• The task
Here the job is to return only the lines of the material, exactly, from the first one to the line with "Magnesium Glycinate Supplement".

• Provided entries
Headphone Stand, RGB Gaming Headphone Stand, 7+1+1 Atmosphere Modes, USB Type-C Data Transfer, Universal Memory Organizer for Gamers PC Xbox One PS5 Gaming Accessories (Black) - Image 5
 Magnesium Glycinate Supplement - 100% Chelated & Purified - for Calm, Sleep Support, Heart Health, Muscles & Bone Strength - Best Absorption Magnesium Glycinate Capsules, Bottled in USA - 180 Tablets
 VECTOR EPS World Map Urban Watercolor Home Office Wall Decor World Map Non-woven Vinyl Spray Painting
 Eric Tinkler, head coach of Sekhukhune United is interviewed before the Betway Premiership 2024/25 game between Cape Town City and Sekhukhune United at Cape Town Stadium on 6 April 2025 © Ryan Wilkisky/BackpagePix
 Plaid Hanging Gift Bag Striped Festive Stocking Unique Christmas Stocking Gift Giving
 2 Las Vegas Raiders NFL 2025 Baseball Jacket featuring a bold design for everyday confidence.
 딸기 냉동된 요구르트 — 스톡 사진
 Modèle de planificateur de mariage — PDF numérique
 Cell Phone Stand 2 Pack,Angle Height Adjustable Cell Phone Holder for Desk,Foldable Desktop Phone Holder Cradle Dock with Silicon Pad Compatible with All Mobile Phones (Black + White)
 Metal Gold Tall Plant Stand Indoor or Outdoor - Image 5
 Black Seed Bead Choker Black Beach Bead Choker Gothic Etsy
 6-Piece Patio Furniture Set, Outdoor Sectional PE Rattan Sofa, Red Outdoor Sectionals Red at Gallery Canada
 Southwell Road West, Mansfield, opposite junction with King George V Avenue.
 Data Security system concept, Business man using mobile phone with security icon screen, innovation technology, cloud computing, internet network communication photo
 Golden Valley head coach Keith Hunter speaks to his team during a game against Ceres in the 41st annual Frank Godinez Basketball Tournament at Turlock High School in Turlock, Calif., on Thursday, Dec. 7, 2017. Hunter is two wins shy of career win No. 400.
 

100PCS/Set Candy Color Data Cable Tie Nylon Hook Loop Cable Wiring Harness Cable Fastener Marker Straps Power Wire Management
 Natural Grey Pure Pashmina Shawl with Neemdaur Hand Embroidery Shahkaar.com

• Completed task
Headphone Stand, RGB Gaming Headphone Stand, 7+1+1 Atmosphere Modes, USB Type-C Data Transfer, Universal Memory Organizer for Gamers PC Xbox One PS5 Gaming Accessories (Black) - Image 5
 Magnesium Glycinate Supplement - 100% Chelated & Purified - for Calm, Sleep Support, Heart Health, Muscles & Bone Strength - Best Absorption Magnesium Glycinate Capsules, Bottled in USA - 180 Tablets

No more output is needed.